A conservative discrete compatibility-constraint low-Mach pressure-correction algorithm for time-accurate simulations of variable density flows

In this paper, we develop the discrete compatibility-constraint pressure-correction algorithm for transient simulations of variable density flows at low-Mach numbers. The constraint for the velocity field is constructed from a combination of the discrete equations of continuity and scalar (e.g. energy) transport, imposing that the newly predicted state must be compatible, in agreement with the equation of state. This way, mass and scalar conservation are guaranteed and the equation of state is exactly fulfilled at every time step. For comparison reasons, two other types of well-known pressure-correction algorithms are also used. The first class, denoted as continuity-constraint pressure-correction, is based on a constraint for the velocity field that is derived solely from the continuity equation. The second class, denoted as analytical compatibility-constraint pressure-correction, constructs the constraint from an analytical combination of the material derivative of the equation of state and the continuity and scalar equations. The algorithms are tested for three example fluid configurations: a single-fluid ideal gas, a two-fluid inert mixture and a two-fluid reacting mixture. The latter is special in the sense that the equation of state is non-linear and not everywhere differentiable.
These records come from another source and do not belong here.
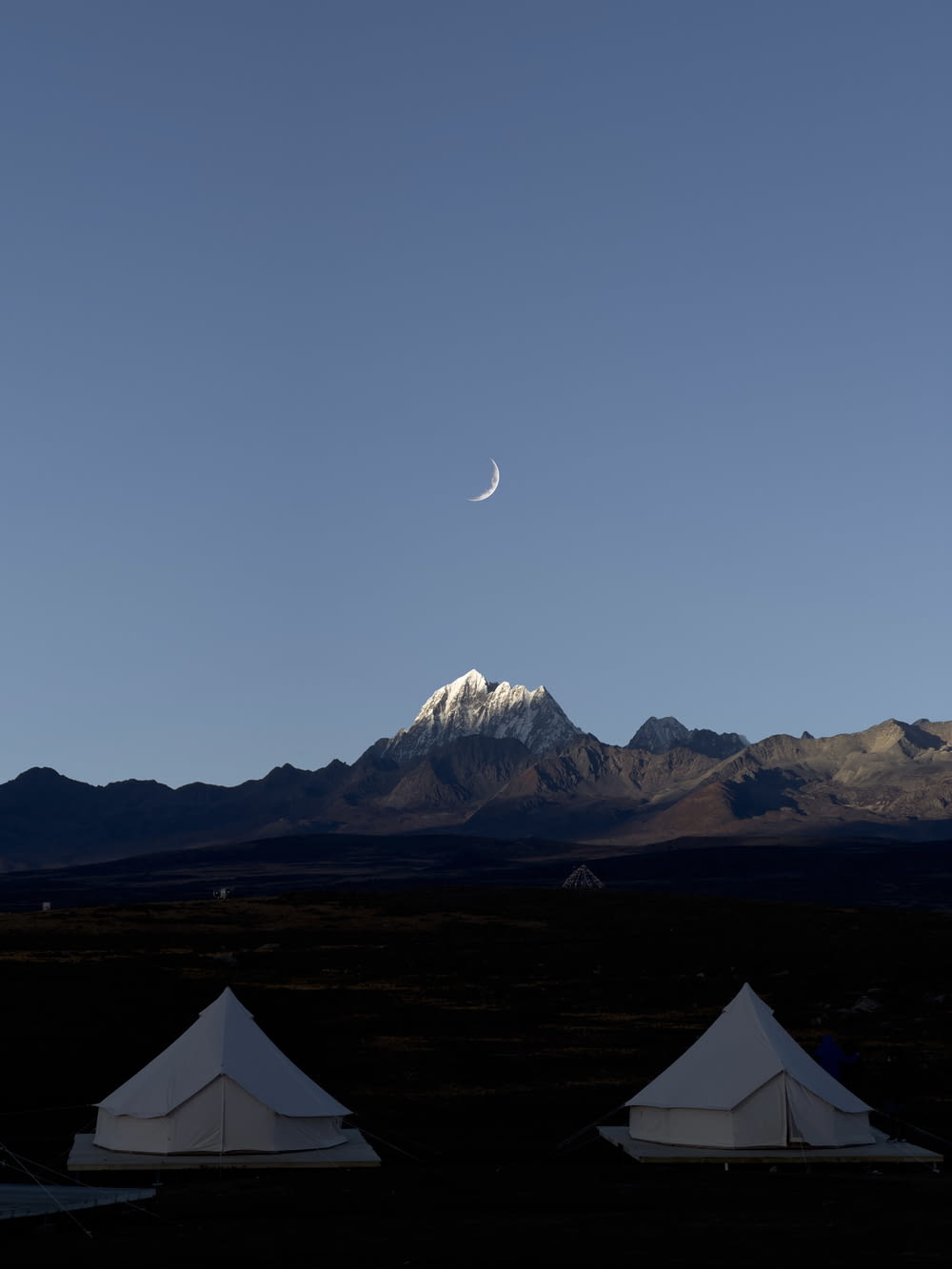 a group of tents in front of a mountain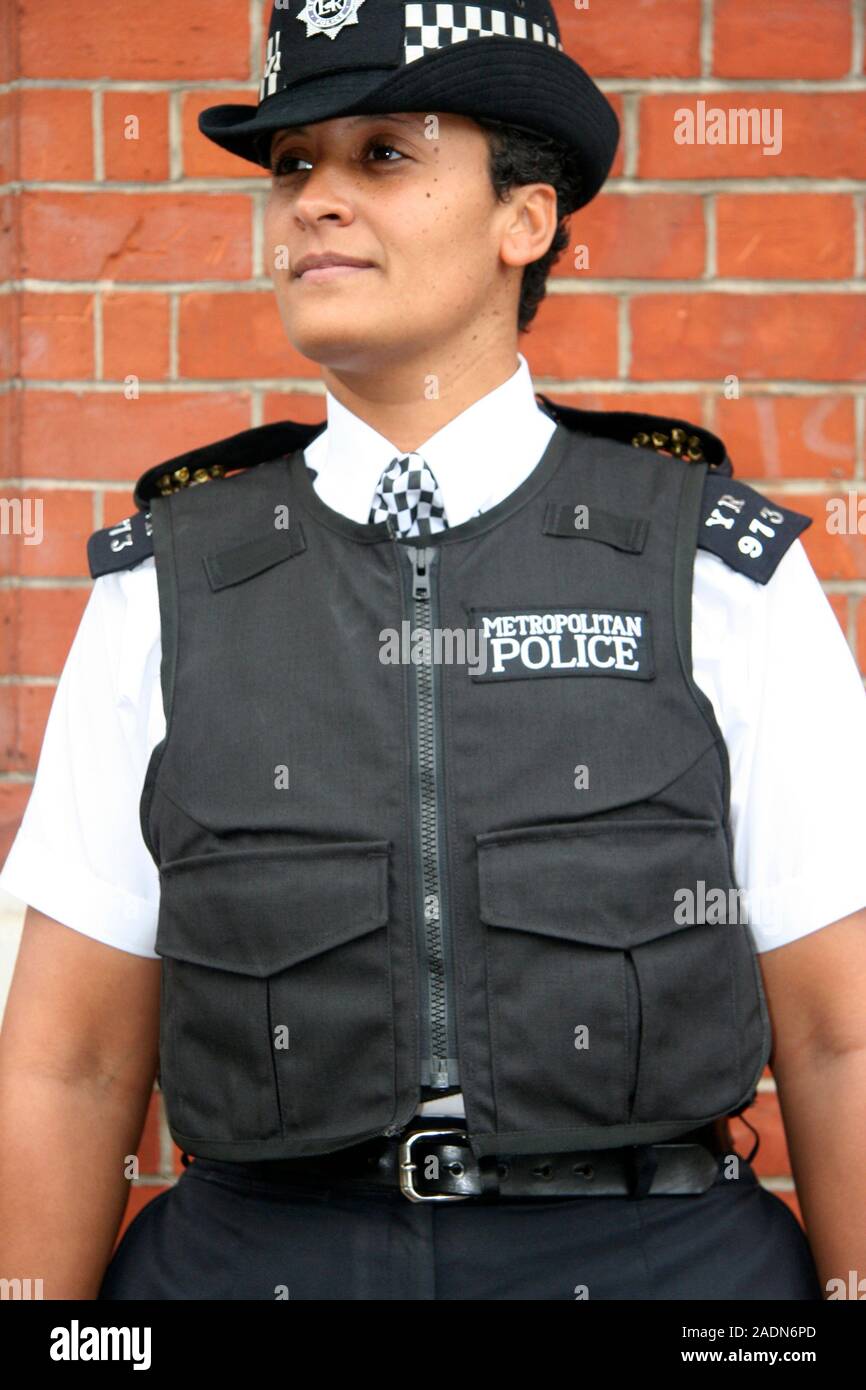 MODEL RELEASED. Policewoman wearing body armour. This type of vest is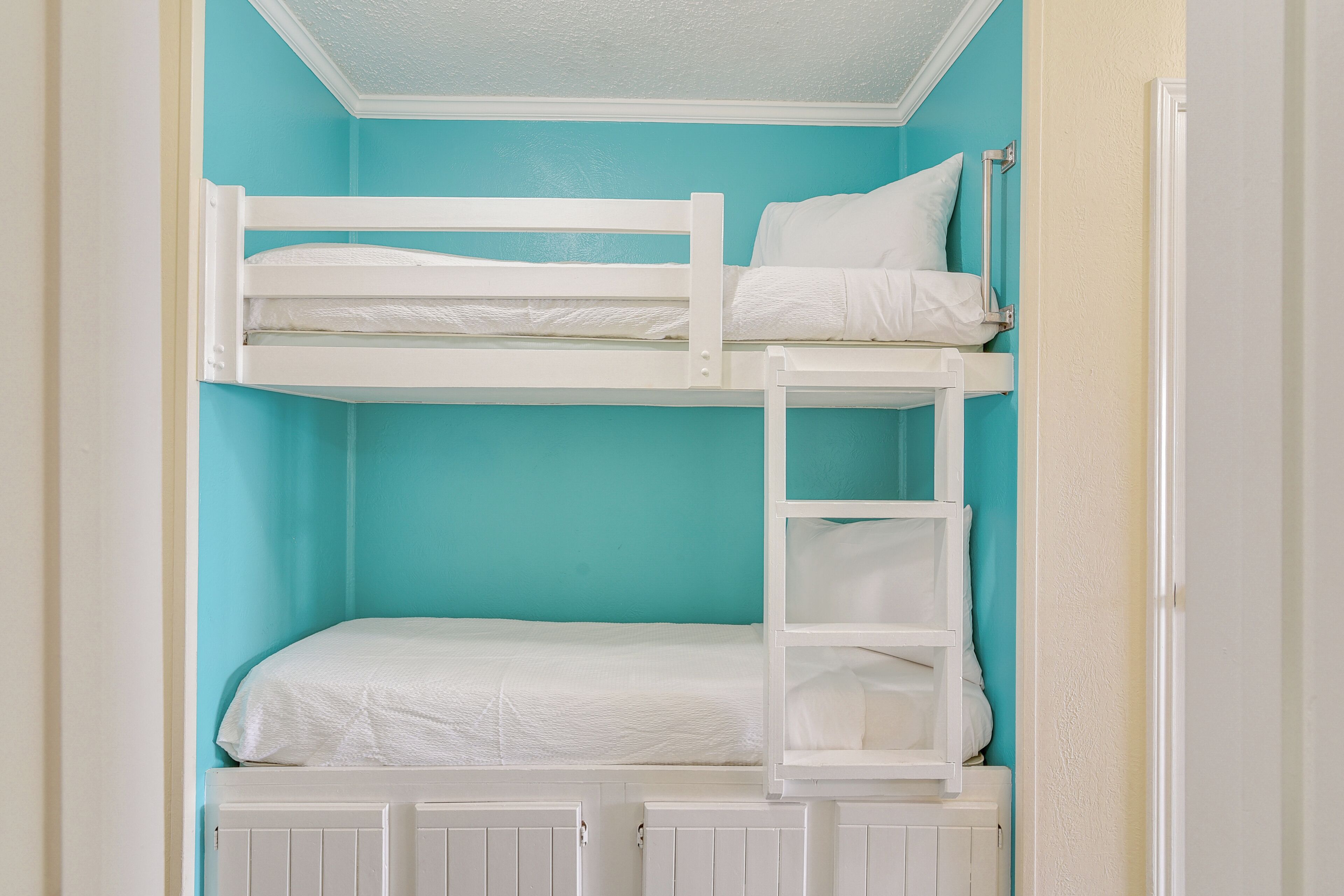 A bunk bed with white bedding and a ladder, set against a teal wall.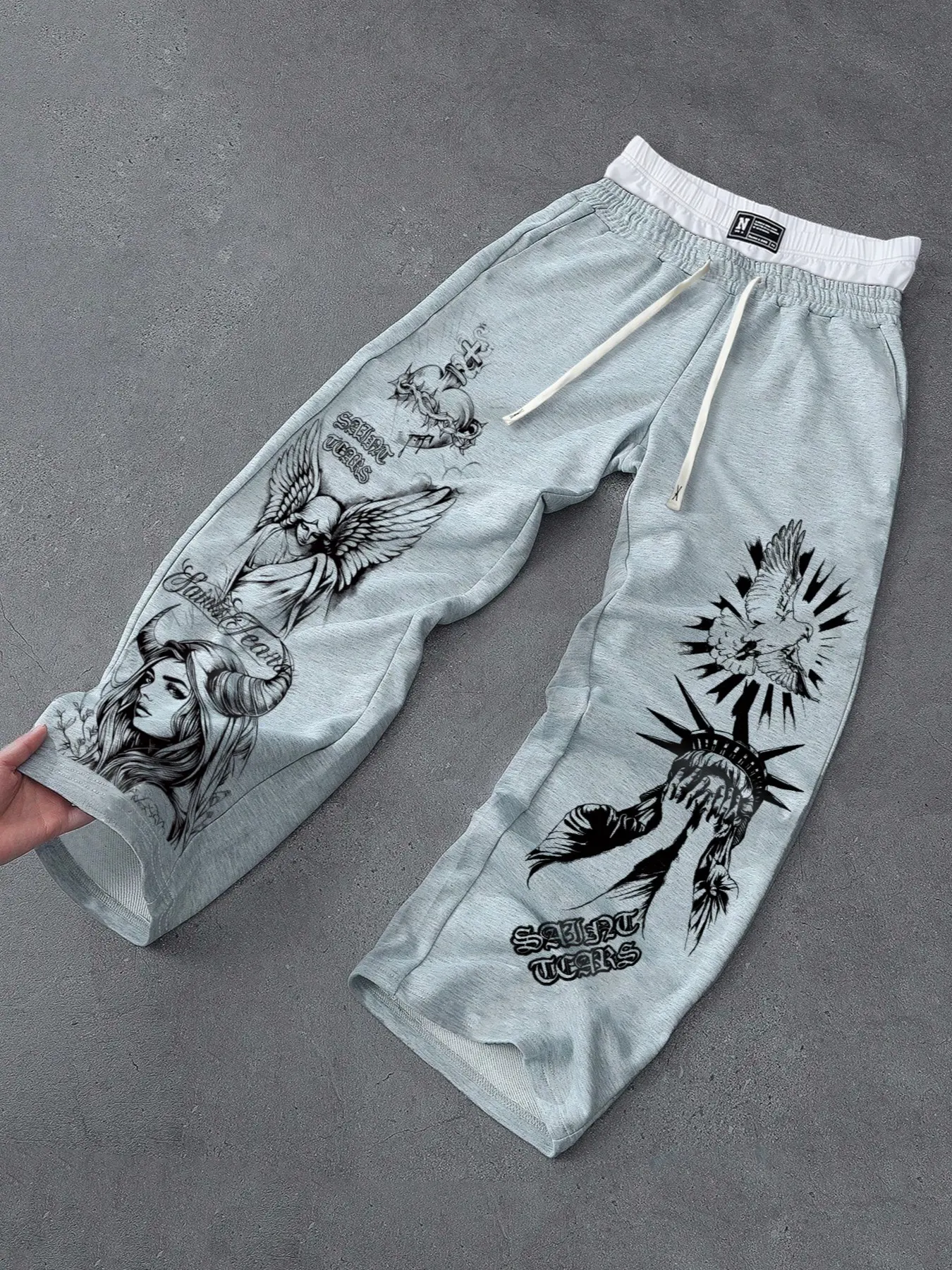 Men's Chicano retro tattoo print athletic shorts, heather gray wide-leg cuffed cropped pants, drawstring waist with contrasting white trim, dark graphic prints featuring angels, devils, women, the Statue of Liberty and doves, breathable baggy streetwear t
The continuity-constraint pressure-correction algorithm yields unstable solutions if density ratios are high. The analytical compatibility-constraint pressure-correction algorithm yields stable results, but the predicted states do not correspond to the equation of state. The discrete compatibility-constraint pressure-correction algorithm performs well on all test cases: the simulation results are stable and exactly match the equation of state.